Following is a question by the Hon Kenneth Leung and a written reply by the Secretary for Security, Mr John Lee, in the Legislative Council today (June 13):
Pursuant to the guidelines of the International Civil Aviation Organization, the Hong Kong International Airport has implemented new security requirements for cabin baggage since March 21, 2007. Such requirements include: all travellers carrying liquids, gels and aerosols should have them carried in containers with a capacity not greater than 100 ml; any container with a capacity greater than 100 millilitres (ml), even if it is not fully filled with the aforesaid articles, will not be accepted. Travellers who carry with them articles which do not meet the aforesaid requirement must follow the instructions of security screening officers at the security screening check point by either discarding such articles or checking in the baggage concerned before they may pass the security screening. In this connection, will the Government inform this Council:
(1) of the number of cases in each of the past five years in which travellers insisted on carrying on board an aircraft articles which did not meet the aforesaid requirement; the procedure followed by security screening officers in handling such cases;
(2) whether the travellers mentioned in (1) committed any criminal offence; if so, of the penalty concerned, as well as the respective numbers of prosecutions and convictions in each of the past five years and the penalties imposed on the convicted persons; and
(3) whether a mechanism is in place to (i) ensure that security screening officers perform duties pursuant to the law and (ii) review the workflow at the security screening check point on a regular basis to ensure that there is no security loophole; if so, of the details; if not, the reasons for that?

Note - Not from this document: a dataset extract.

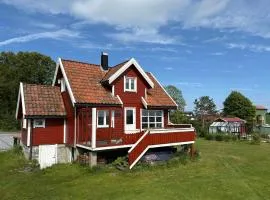 Romantic Country Cabin With Fjord Views On Åmøy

The Government attaches great importance to the aviation security at the Hong Kong International Airport (HKIA). According to the requirements of the International Civil Aviation Organization (ICAO), all liquids, aerosols and gels (LAGs) carried by passengers shall be contained in containers with capacity not exceeding 100 millilitres (ml). Any container with a capacity greater than 100 ml, even if it is only partially filled with LAGs, must not be brought into the restricted area of the airport. The requirement is applicable to the HKIA, and the Airport Authority Hong Kong (AAHK) is responsible for its implementation, to ensure that the LAGs carried by all passengers comply with the said requirement.

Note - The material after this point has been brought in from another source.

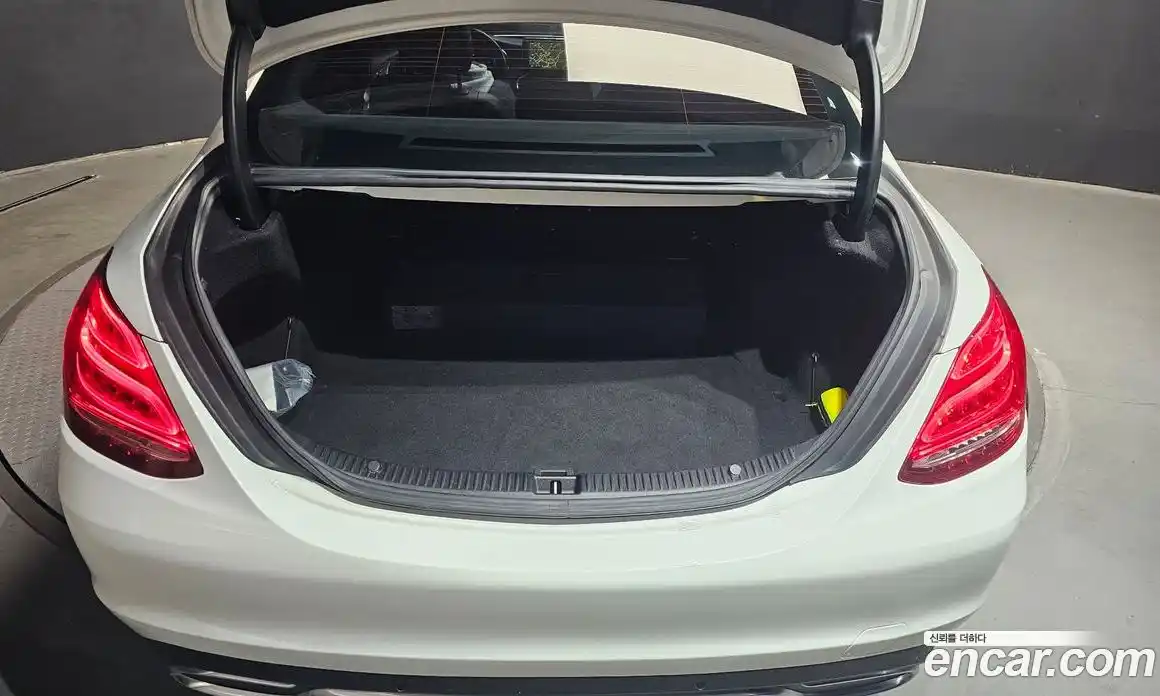 Mercedes-Benz C-Class 2016 2.1 Автомат в Москве № 194025, фото 18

Based on the information provided by the Civil Aviation Department (CAD) and the AAHK, my reply to Hon Kenneth Leung’s question is as follows:
(1) & (2) The AAHK, responsible for the operations of the HKIA, shall ensure that the cabin baggage carried by all departing passengers complies with the relevant security requirements of the ICAO. If a passenger is found carrying any container with a capacity exceeding 100 ml with LAGs inside, the security personnel will take out the relevant item, display to the passenger an information sheet containing the relevant security requirement, and advise the passenger how the item may be handled, including disposal at the scene or returning the item to the airline’s check-in counter for checking in as hold baggage, etc., and the passenger should not be allowed to carry such an item into the restricted area of the airport. This security requirement is a direction given by the Director-General of Civil Aviation to the AAHK pursuant to section 37(1)(a) of the Aviation Security Ordinance (Cap 494). The AAHK must implement it as required by the law. For the incident on May 21, 2018, the CAD has requested the AAHK to submit a report, so as to ensure the LAGs carried by all passengers fulfil the requirement of the ICAO, and prevent recurrence of similar incidents. According to the information provided by the AAHK and its subsidiary, the Aviation Security Company Limited (AVSECO), there was no record of other similar incidents in the past five years.
(3) For any aviation security-related incident at the airport, the AVSECO as the aviation security service provider at the airport will conduct investigation and submit a report to the AAHK, including whether human errors were involved, and how the case was handled. Upon examination of the report, the AAHK will submit a report to the CAD, including recommendations and improvement measures to prevent recurrence of similar incidents. The CAD will also proactively initiate audits on compliance with the aviation security requirements. If it is discovered that an organisation does not fully fulfil the security requirements issued by the CAD, the latter will require the organisation to submit and implement improvement plans.